L’alimentation de cette réserve cesse néanmoins d’être obligatoire lorsqu’elle atteint un pourcentage donné des primes émises nettes de rémunération de gestion (50% pour le General Takaful, 30% pour le Family Takaful…).

 
Deux types de rémunération pour les opérateurs Takaful
Les intermédiaires en assurances ayant reçu un agrément avant la date d’entrée en vigueur de la circulaire sur le Takaful devront présenter au régulateur du secteur des assurances (ACAPS) une demande d’extension d’agrément pour exercer ce nouveau type d’opérations, ainsi que le prévoit le projet de cadre en cours de discussion entre le régulateur et les professionnels. 

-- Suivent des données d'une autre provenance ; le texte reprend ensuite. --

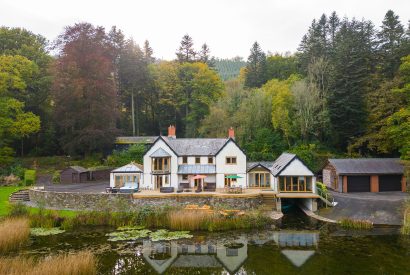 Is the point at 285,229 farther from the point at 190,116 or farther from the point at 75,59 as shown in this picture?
the point at 75,59

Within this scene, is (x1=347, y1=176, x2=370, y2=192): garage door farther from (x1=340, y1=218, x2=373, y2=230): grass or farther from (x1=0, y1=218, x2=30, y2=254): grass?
(x1=0, y1=218, x2=30, y2=254): grass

Il faut cependant noter que les nouvelles activités participatives envisagées par les intermédiaires doivent correspondre aux catégories pour lesquelles ils sont déjà autorisés. Une liste de correspondance devrait être émise prochainement à cet effet. En outre, la demande d’extension d’agrément doit être accompagnée d’un document descriptif et détaillé des compétences et connaissances de l’agent d’assurances, personne physique, ou du représentant légal de l’intermédiaire, personne morale, en matière d’assurance Takaful, appuyé par les attestations de stages ou de formations effectués en relation avec ce domaine. 
 
L’ACAPS peut refuser la demande d’extension d’agrément, lorsqu’elle juge que les demandeurs ne disposent pas des connaissances ou compétences suffisantes en matière d’assurance Takaful.